Should I be more worked up over the possibility of a home invasion? Sure, they happen, but you know, I’m just not seeing a wave of them in the news. Then again, I don’t watch Fox. If I did, I expect I’d believe they happen all the time. The asshole who shot that boy in Kansas City, I read, is a member of Fox Nation. Apparently that’s the exculpatory defense he and his racist supporters have seized upon.
Nancy Nall, a journalist and blogger I quite respect, has this to say:
… Fox, and others, many others, have made their profits on scaring the shit out of old people. For decades. I am absolutely no fan of Michael Moore, but the part in “Bowling for Columbine” where he points out the way TV news relentlessly, endlessly deals in fear? That part was dead-on. And Fox is the worst of the lot, so when that old man saw a black kid on his porch and just assumed he was there to do harm? That is something that can also be laid at the doorstep of Fox News, Sinclair Broadcasting, and many others.
Almost everyone I’ve ever known who keeps a loaded gun next to the front door? Lives in the country, where violence almost never happens, except when it’s perpetrated … by them.
Which almost sounds like she’s buying the excuse. I don’t think that’s what she means. I for sure don’t buy it.
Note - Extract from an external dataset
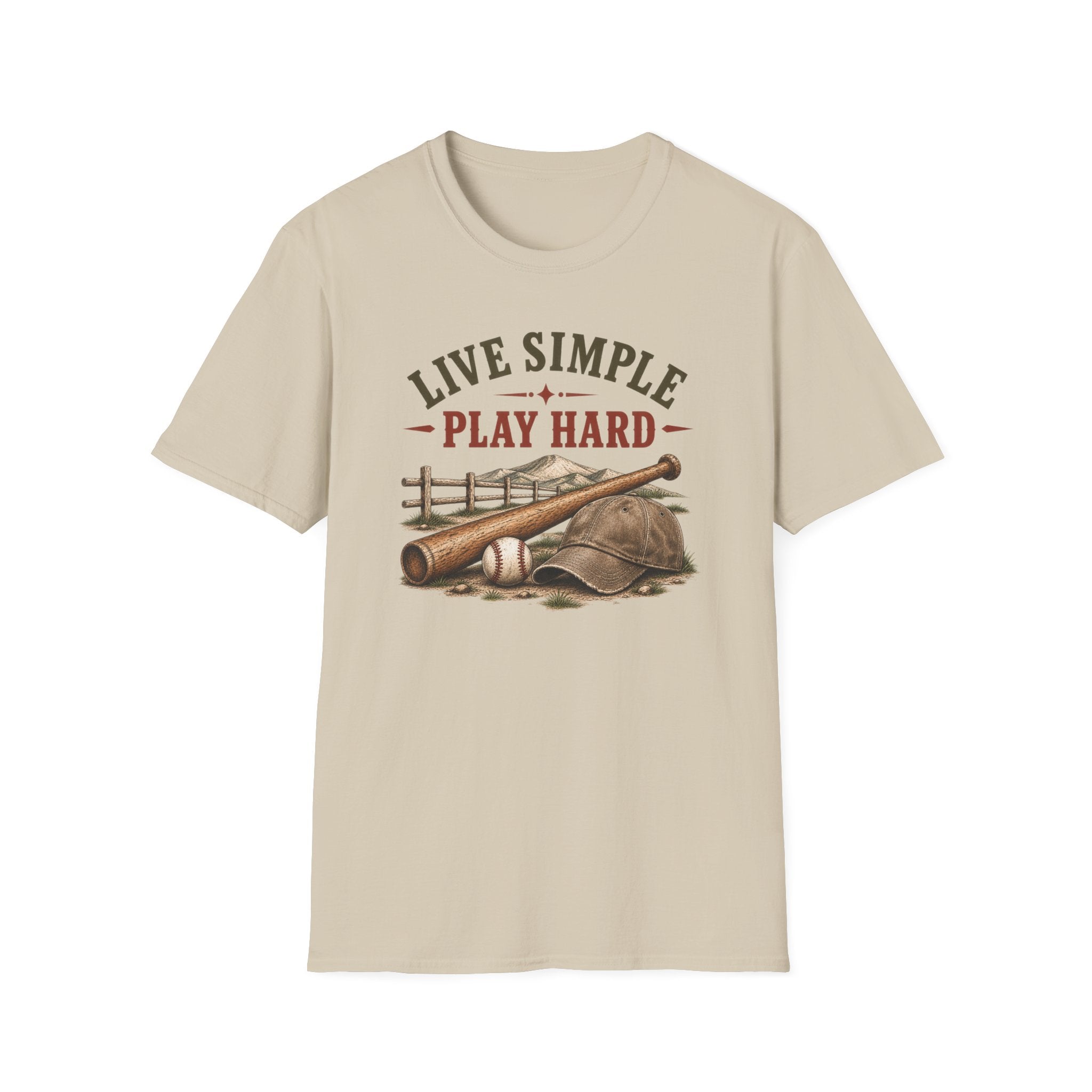 T-Shirt — "Live Simple Play Hard" Rustic Baseball Graphic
As with ignorance being no excuse for breaking the law, falling for racist lies and propaganda cannot ever excuse shooting someone who hasn’t threatened you. Then again, there’s a powerful argument to be made for pulling Fox News’ broadcasting license, along with the licenses of television stations owned by Sinclair and most of AM talk radio — while white supremacist lies and propaganda can’t excuse shooting people who haven’t threatened anyone, broadcasting those lies and propaganda around the clock surely sets the stage for it, especially with the subset of our population just itching to use their guns anyway.
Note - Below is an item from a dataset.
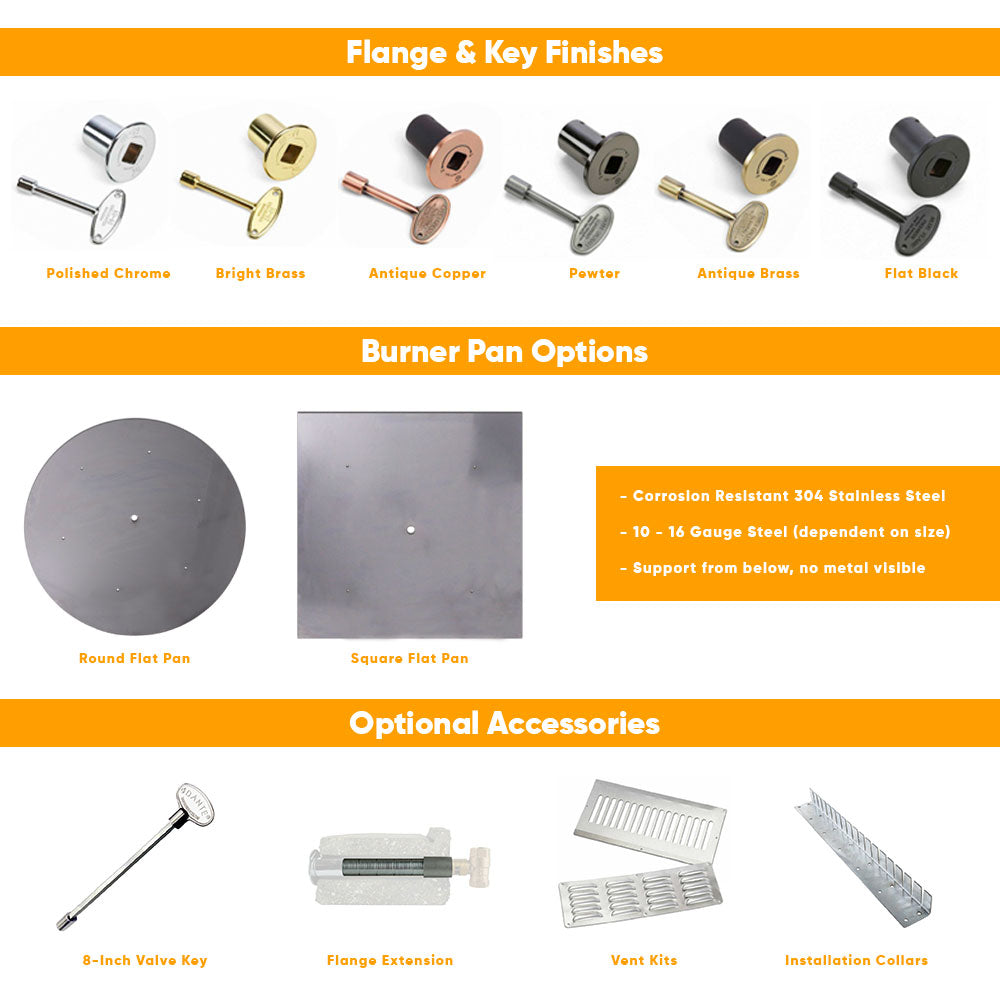 Spotix Round AFG Match Lit Fire Pit Burner Kits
Side thought: remember when Republicans and the NRA started pushing for open carry laws, how they assured us it was okay, that schools and churches and shopping malls could declare themselves gun-free zones if they wished, and how almost as soon as states went open carry Republicans and the NRA started fighting against gun-free zones? I’m wondering how long it’ll be before they outlaw home gun safes and force us all to keep one under the pillow.